The Brewers had won four in a row and were 4-1 on a 10-game road trip. Pittsburgh had lost two in a row after winning nine of 11, and had dropped three straight at home.

"It's always good to break out as a team," Lamont said. "A lot of times you go into slumps as a team one guy stops hitting and they all do so it's good to come out as a team."

Smith, batting third for only the second time this season, got the Pirates going with a two-out solo shot in the first, his first homer of the season. He is 10-for-24 since a season-opening 0-for-31 streak.

"I forget what hitting home runs was like, it had been so long," said Smith, who had nine homers in 193 at-bats last season.

Ramirez, also streaking since a career-opening 0-for-24 run, hit his second homer in three days in the second inning. It also was his eighth hit in 18 at-bats.

"When I came up (May 26), I was probably trying to pull the ball too much," said Ramirez, who at 19 is the majors' youngest everyday regular. "ou can't do that. You've got to hit the ball where it's pitched. If you don't do that, you've got no chance."

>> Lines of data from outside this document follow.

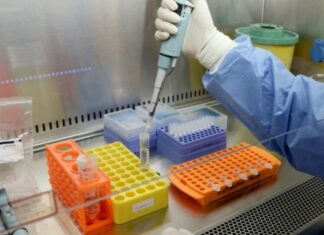 Γενετικά τροποποιημένος ιός του έρπητα δίνει ελπίδες πως μπορεί να εξαλείφει καρκινικούς όγκους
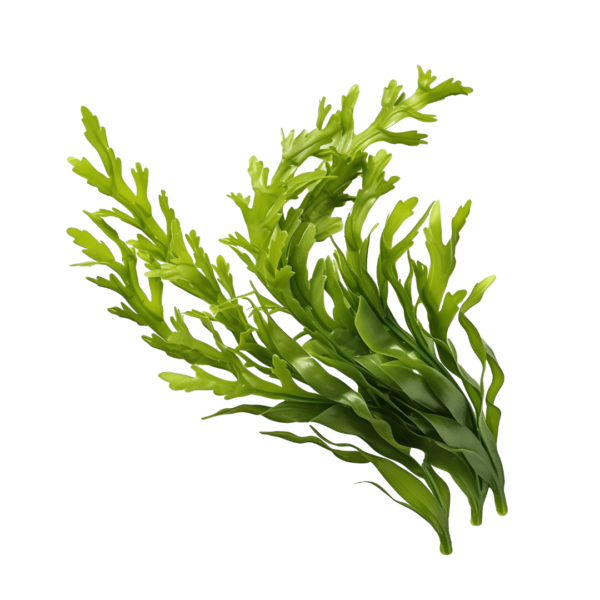 Productos - (18) 011 Fantasy Day Fragrance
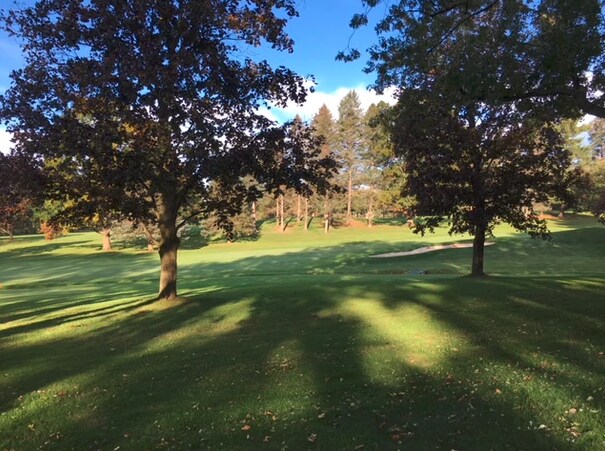 Backyard overlooking golf course - 2311 Baird Rd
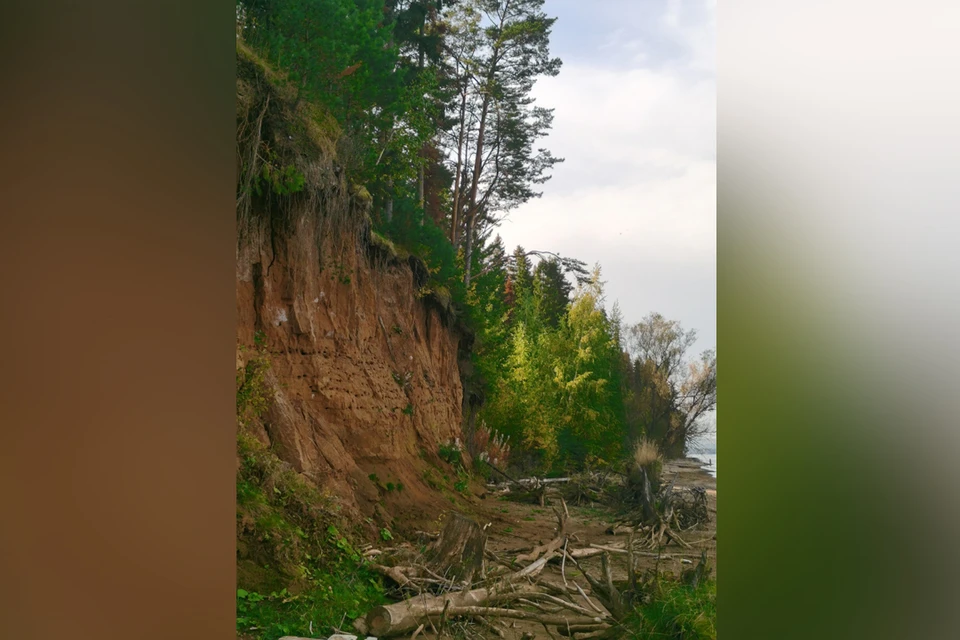 Фото: Поисково - спасательная служба КМО(16+)/ВКонтакте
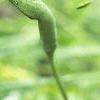 Arisaema dracontium, flowers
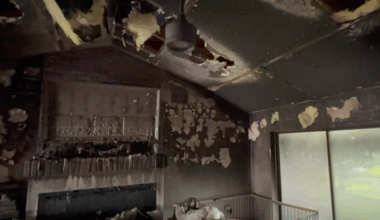 Tampa family loses home and beloved dog to lightning strike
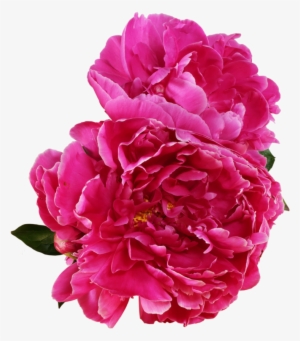 Peony Outline Png Vector Royalty Free Download - Burgundy Peonies Png #1611806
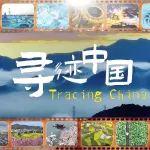 尋跡中國｜外國博主驚嘆中國智能制造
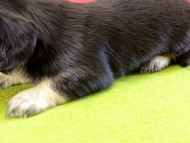 カニンヘンダックス 子犬 ブラッククリーム男の子 カニンヘンダックス 子犬 ブラッククリーム男の子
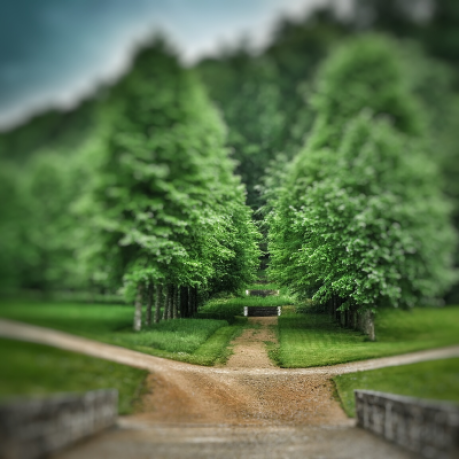 à la croisée des chemins dans le parc du château de Bussy-Rabutin Bourgogne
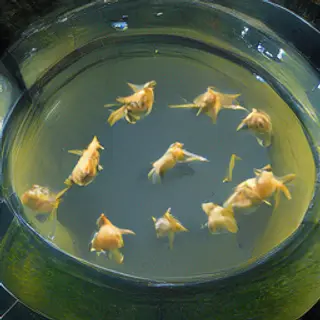 Exactly 9 goldfish swimming in a large round fishbowl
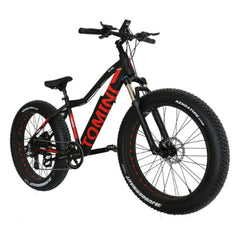 Variable Speed Mountain Bike Li-ion Battery Electric Bike Aluminium Alloy Snow Bike Off-road Bike With Super Broad 4.0 Tyre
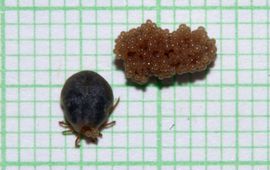 Dieter Heylen ixodes arboricola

Tony Womack had a run-scoring groundout later in the inning, and Young started the third with his 14th homer.

Pittsburgh added three runs in the seventh against former Pirates pitcher Paul Wagner on Jermaine Allensworth's two-run double and Keith Osik's suicide squeeze bunt.

"It was not a good day for us," Brewers manager Phil Garner said. "Even with that we were still in the ballgame until Wags came in. He had a tough day. He put some pitches in the middle of the plate."

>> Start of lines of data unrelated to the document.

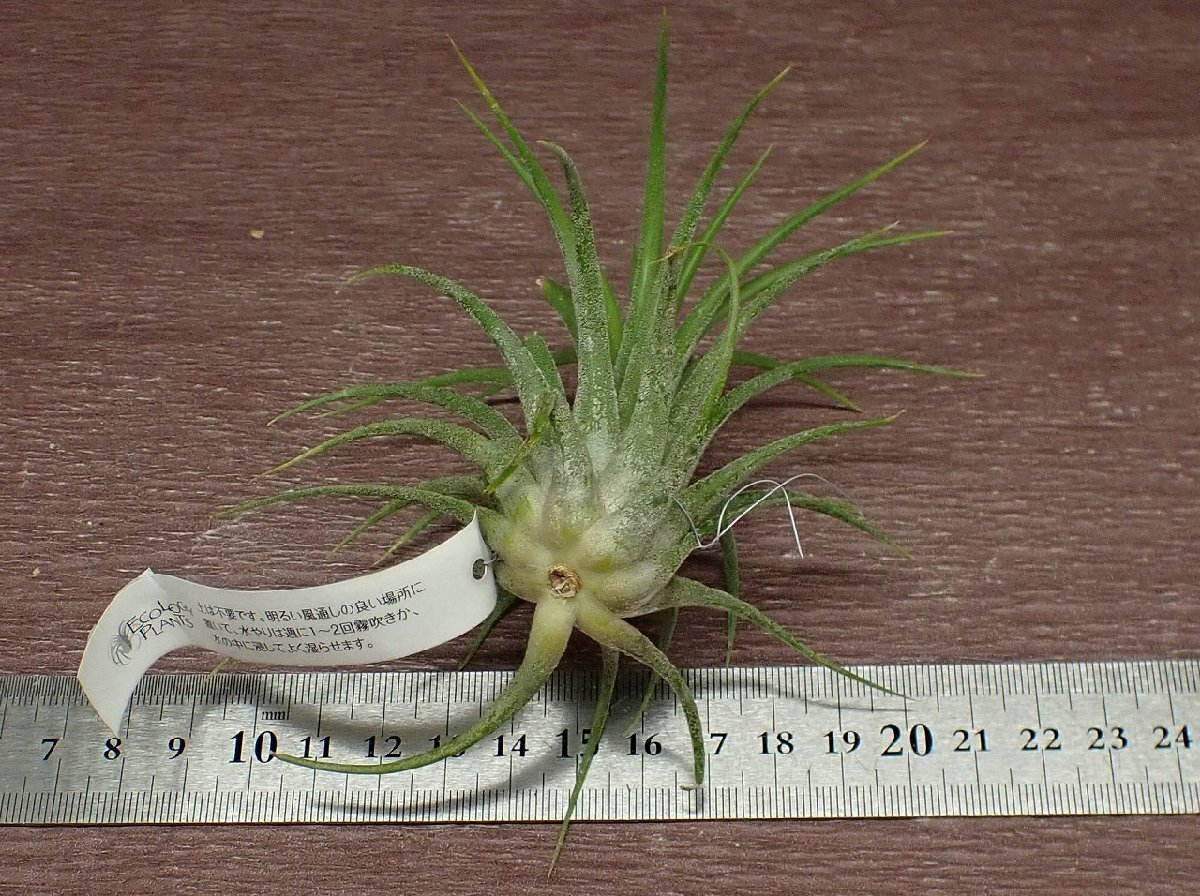 Tillandsia ionantha \'Druid\'chi Ran jia* Io naan tado Louis do# air plant EP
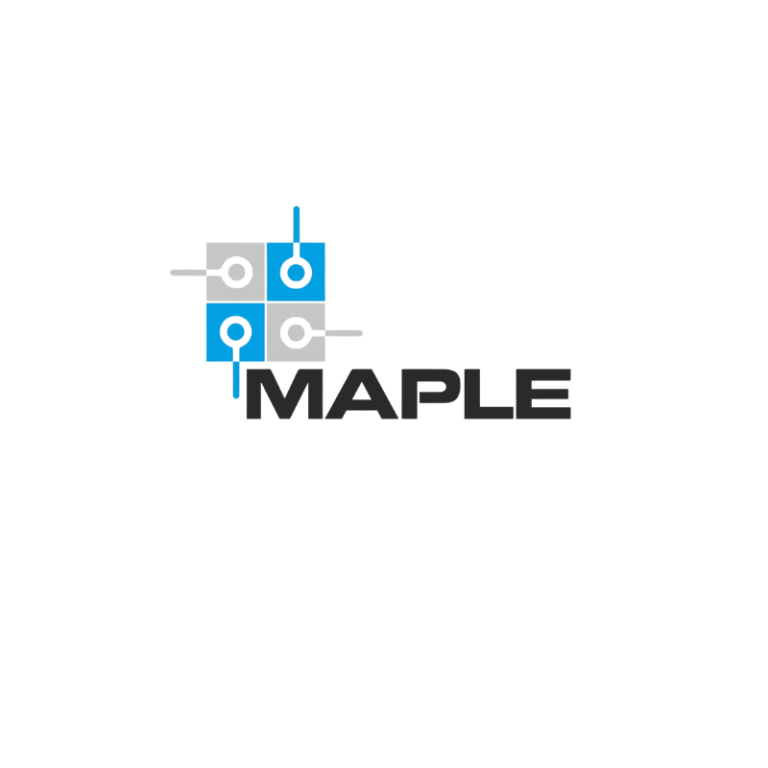 Maple ERP – Customization Platform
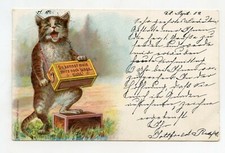 illustrator without signature. Humanized Cat Playing Barbary Organ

Notes: Peters' longest previous start this season was five innings. His longest in the majors was seven innings against Los Angeles last season. ... Al Martin was 0-for-20 before getting two singles. ... Jaha's homer was the Brewers' ninth in four games. He had been 1-for-12 since coming off the disabled list. ... The Pirates hadn't beaten a Milwaukee team in Pittsburgh since a 5-4 victory on Aug. 22, 1965, the Braves' last appearance in Forbes Field before relocating to Atlanta. ... Five of the seven Pirates who batted against Wagner reached base. ... The Pirates outhit the Brewers 13-5.